For all its frontier spirit, by 1904 the town of Cody already had electricity, supplied by George Thornton Beck's Shoshoni Electric Light & Power Company. Beck had previously partnered with Cody to found the Shoshone Irrigation Company and dig the Cody Canal, a financial failure that inspired construction of the Shoshone Dam.
Commercial photography requires dependable electrical power for controlling and timing print exposures in the dim red light of a developing room. Arriving October 22, F. J. Hiscock brought his photographic equipment and supplies, and by December, is advertising in Cody's Enterprise newspaper. The following November, he bought a 2-column ad for the 1905 holiday season.

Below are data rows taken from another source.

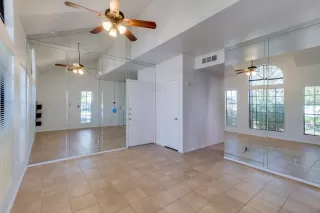 Photo #5: 6160745 Listing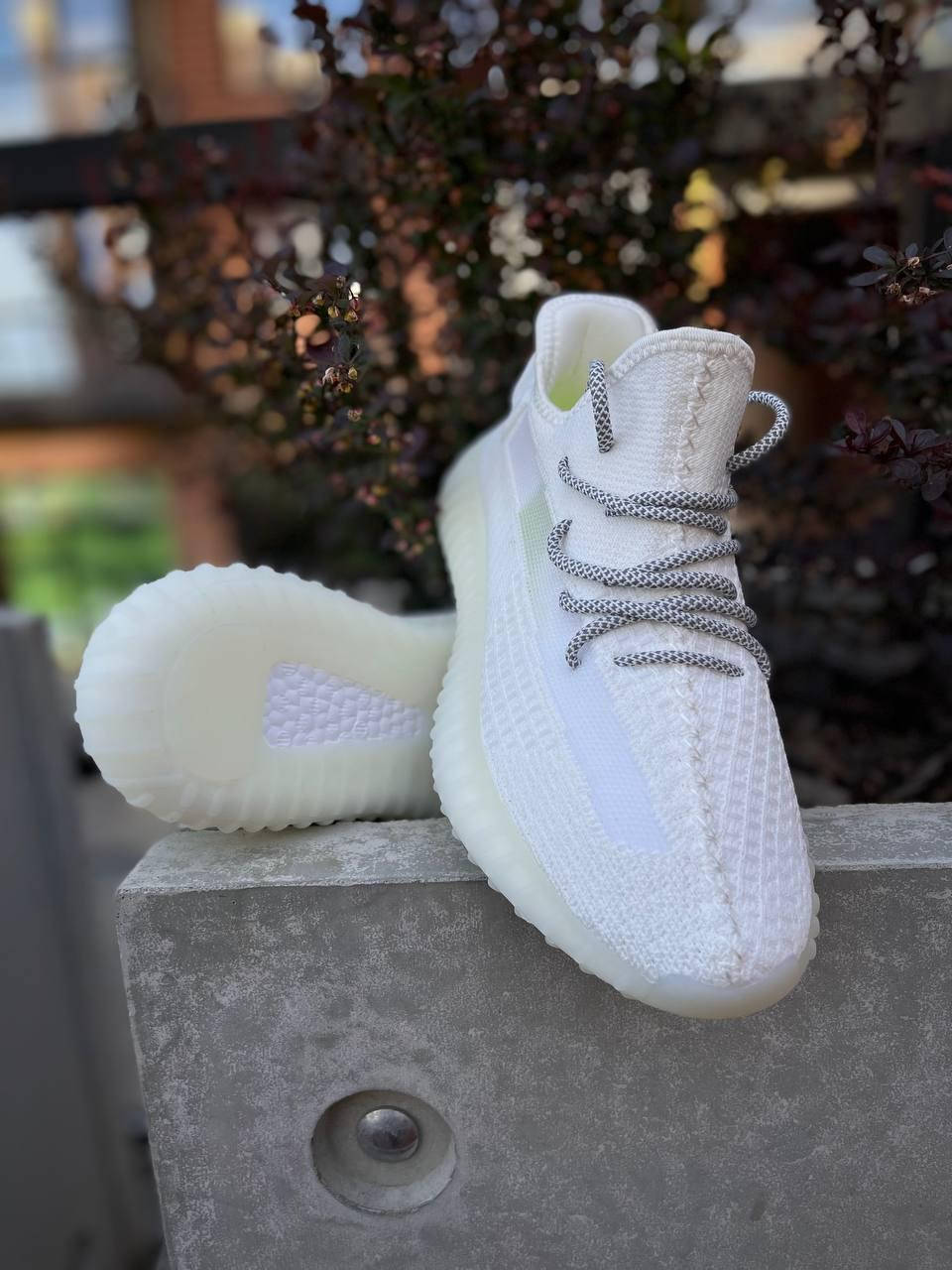 

Мужские кроссовки Изики,Yeezy Boost, унисекс кроссовки, мужские кроссовки, Белый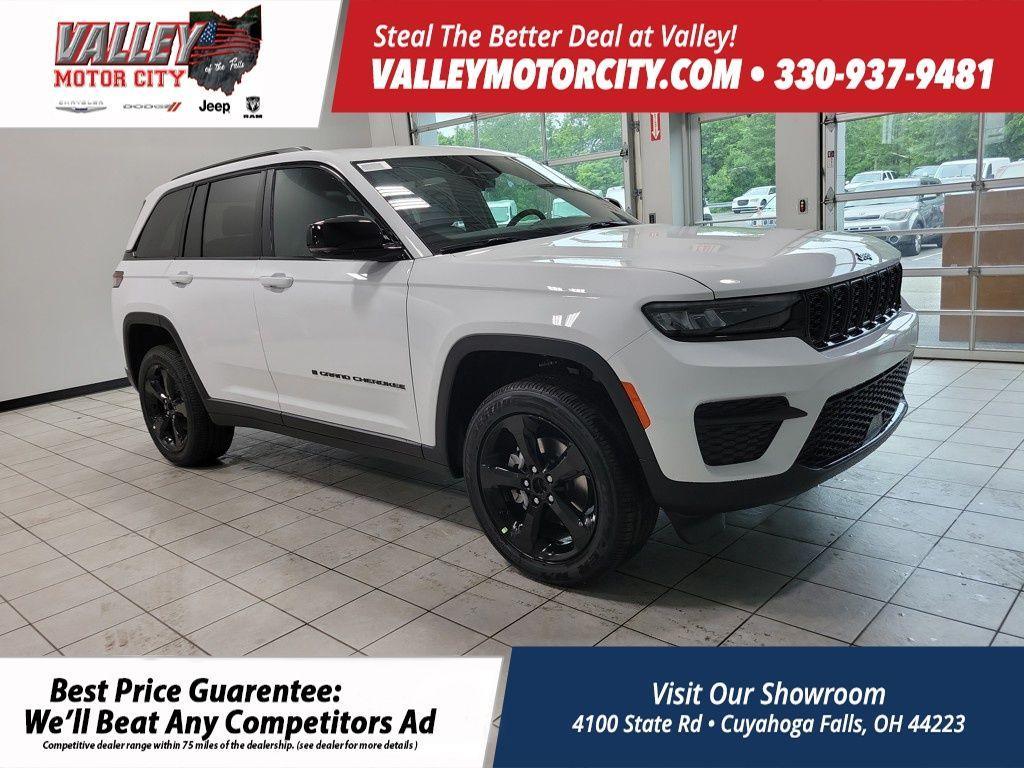 new 2025 Jeep Grand Cherokee car, priced at $42,901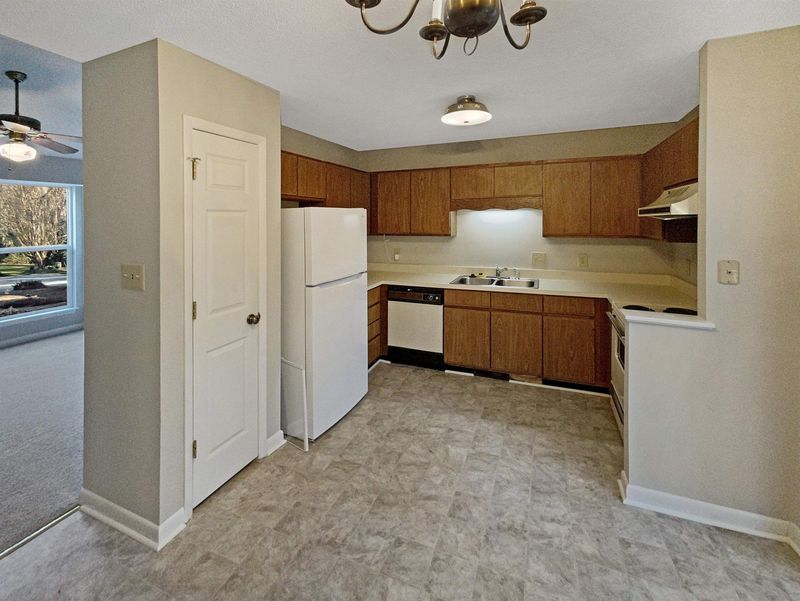 5905 Suncreek Ct, Raleigh, NC 27606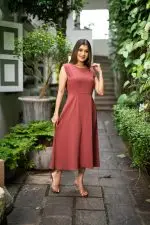 Jewel Necked Midi Dress - Image 3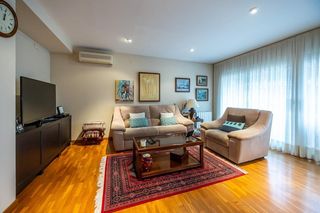 Zweist�ckige Wohnung in Eixample - Can Boguny�. Duplex seminuevo en castellar del vall�s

He must have found a market, because on February 8, 1906 this ad appeared on page 5 in the Enterprise, just in time for Valentine's Day. Now he has a store and can be a merchant as well as a photographer.
Hiscock's reference to the "Dam Project" perhaps refects the local view of this engineering marvel that drowned the village of Marquette, disrupted ranchers and closed the Cody Road to Pahaska Tepee.
In 1910, the Hiscocks are living on Rumsey Avenue in Cody and Dorothy is 6. His neighbors include Mark and Agnes Chamberlain with boarder, Caroline Lockhart. Hiscock's in-laws, the Judsons, live nearby.
No "slacker", at age 44 Hiscock registered for the draft during the Great War. This September 12, 1918 Draft Registration Card describes him as tall and slender with blue eyes and light brown hair, living with his wife Sarah M. in Cody. He gave his occupation as "Moving Picture Producer and Operator".
In 1920, the Hiscock family is living on West Rumsey Avenue in Cody and Fay J. describes his occupation as Photographer and place of work as a Gallery. Dorothy is 15 and will soon be joined by a new baby sister.
It's interesting to see that the Hiscock's neighbor is Caroline Lockhart, novelist and publisher of the Enterprise, who lives next to Mark and Agnes Chamberlain. When not keeping house or attending to the hotel, Agnes is a typesetter for the Enterprise.
At the direction of the President of the Stampede, Caroline Lockhart, Hiscock trains his lens on the excitment of the 1921 Cody Stampede as "Bill Pawley Rides On A High One".
In 1930, the family is living on 14th Street in Cody with 2 daughters, Dorothy was joined by Ruth in 1920.